Guardianship case highlights need for counsel, Michigan justices say

By Ed White
Associated Press

DETROIT (AP) — Three justices on the Michigan Supreme Court believe lawyers should be appointed to help people navigate complicated guardianship disputes.

The remarks came in an unusual case: A woman spent about five years trying to get two children back after their grandmother went to court in Delta County and was awarded guardianship.

“This guardianship should not have been entered in the first place. ... What transpired in this case is troubling,” Justice Megan Cavanagh said.

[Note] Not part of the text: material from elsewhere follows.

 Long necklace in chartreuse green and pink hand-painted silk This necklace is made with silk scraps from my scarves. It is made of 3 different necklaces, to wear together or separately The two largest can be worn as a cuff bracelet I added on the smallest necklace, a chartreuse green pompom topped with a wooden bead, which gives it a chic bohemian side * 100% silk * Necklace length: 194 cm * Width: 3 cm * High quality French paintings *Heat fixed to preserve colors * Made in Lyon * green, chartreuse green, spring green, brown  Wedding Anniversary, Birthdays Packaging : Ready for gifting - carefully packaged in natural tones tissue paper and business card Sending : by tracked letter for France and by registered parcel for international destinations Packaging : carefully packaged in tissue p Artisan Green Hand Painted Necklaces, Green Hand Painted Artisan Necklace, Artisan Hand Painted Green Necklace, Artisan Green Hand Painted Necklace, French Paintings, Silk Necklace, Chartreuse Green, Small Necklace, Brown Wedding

“Fit parents have the fundamental constitutional right to make decisions concerning the care, custody and control of their children,” Cavanagh said. “This right is an element of
liberty protected by due process.”

A 3-0 appeals court decision in favor of the mother will stand, the Supreme Court said last Friday.

A grandmother in the Upper Peninsula had agreed to temporarily care for the kids until the mother could get settled hours away in the Lower Peninsula. But the grandmother was subsequently granted guardianship in 2015 by Judge Robert Goebel, according to a summary of the case.

The mother twice challenged it without a lawyer and lost. She was finally able to get an attorney to assist her in 2018.

Cavanagh urged the Legislature to consider making court-appointed lawyers available to parents in guardianship cases. Justices Elizabeth Welch and Elizabeth Clement joined her remarks.

“I believe the assistance of a court-appointed attorney in a contested guardianship case is necessary to safeguard parental rights and ensure that a guardianship is entered using only fundamentally fair procedures,” Cavanagh said.